The draft Risk Finance Guidelines and all the details about the targeted public consultation, including more detail about the proposed changes, are available online.

Next steps

In addition to the targeted consultation launched today, the draft Risk Finance Guidelines will also be discussed in a meeting between the Commission and Member States that will take place in the second half of the consultation period. This process will ensure that both Member States and other interested parties will have sufficient opportunities to comment on the draft Commission proposal.

The adoption of the new Risk Finance Guidelines is foreseen for the last quarter of 2021.

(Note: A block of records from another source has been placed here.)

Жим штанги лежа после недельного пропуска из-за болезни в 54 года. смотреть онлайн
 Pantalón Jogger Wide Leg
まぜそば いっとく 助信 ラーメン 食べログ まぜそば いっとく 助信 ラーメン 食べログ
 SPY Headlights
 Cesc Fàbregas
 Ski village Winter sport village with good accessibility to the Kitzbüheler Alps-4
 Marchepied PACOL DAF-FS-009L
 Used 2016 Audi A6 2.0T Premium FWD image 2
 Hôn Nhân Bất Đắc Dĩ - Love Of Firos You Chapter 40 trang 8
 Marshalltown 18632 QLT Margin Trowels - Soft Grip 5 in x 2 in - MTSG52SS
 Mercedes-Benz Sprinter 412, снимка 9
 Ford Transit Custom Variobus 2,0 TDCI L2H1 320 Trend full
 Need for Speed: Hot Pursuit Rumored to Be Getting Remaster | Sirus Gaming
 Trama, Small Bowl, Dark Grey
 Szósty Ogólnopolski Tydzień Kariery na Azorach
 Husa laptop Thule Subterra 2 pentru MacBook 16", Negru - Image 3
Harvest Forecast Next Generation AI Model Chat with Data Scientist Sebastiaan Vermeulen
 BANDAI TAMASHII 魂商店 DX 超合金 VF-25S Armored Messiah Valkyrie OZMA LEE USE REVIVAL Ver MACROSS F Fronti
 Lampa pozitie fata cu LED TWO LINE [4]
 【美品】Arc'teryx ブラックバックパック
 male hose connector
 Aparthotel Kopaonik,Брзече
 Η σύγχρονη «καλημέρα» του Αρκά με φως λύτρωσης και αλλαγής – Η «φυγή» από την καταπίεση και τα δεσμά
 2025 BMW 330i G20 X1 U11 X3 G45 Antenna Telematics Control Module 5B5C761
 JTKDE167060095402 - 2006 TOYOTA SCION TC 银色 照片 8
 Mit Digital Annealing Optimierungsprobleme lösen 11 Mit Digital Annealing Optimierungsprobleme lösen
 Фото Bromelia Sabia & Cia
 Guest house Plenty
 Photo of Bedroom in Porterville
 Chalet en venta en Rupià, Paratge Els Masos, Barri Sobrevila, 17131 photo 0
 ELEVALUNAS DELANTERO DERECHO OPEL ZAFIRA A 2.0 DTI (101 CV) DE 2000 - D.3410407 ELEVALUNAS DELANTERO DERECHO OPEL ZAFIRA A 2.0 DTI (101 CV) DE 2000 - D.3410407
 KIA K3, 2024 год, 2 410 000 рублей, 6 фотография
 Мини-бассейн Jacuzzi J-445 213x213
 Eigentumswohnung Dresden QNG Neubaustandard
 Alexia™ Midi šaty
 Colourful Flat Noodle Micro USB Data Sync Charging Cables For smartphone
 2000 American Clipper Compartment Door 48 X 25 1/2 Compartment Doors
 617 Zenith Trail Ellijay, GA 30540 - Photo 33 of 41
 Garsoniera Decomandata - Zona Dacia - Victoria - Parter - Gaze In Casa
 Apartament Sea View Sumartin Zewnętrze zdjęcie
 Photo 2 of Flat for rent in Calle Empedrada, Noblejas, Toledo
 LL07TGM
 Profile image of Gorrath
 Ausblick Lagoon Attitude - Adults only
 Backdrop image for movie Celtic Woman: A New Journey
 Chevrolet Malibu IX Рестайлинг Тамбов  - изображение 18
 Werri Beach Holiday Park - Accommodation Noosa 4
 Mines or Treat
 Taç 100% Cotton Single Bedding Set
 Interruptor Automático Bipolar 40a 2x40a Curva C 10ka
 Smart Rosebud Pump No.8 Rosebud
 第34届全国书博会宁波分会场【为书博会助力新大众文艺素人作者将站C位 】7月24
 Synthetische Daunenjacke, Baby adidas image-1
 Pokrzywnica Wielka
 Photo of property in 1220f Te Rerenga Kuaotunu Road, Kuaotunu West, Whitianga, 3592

The Risk Finance Guidelines set out the conditions under which State aid granted by Member States to promote risk finance investments may be considered compatible with the Single Market.

The Guidelines apply to all risk finance aid measures that do not fall within the scope of the GBER, which in turn, enable Member States to directly implement risk finance State aid measures directly without prior notification to the Commission, subject to certain conditions (e.g. only for SMEs and for amounts up to €15 million per beneficiary).

The GBER provisions on risk finance aid are also being revised to ensure they remain consistent with the Risk Finance Guidelines. A targeted public consultation on the proposed changes to these GBER provisions will take place in the coming months.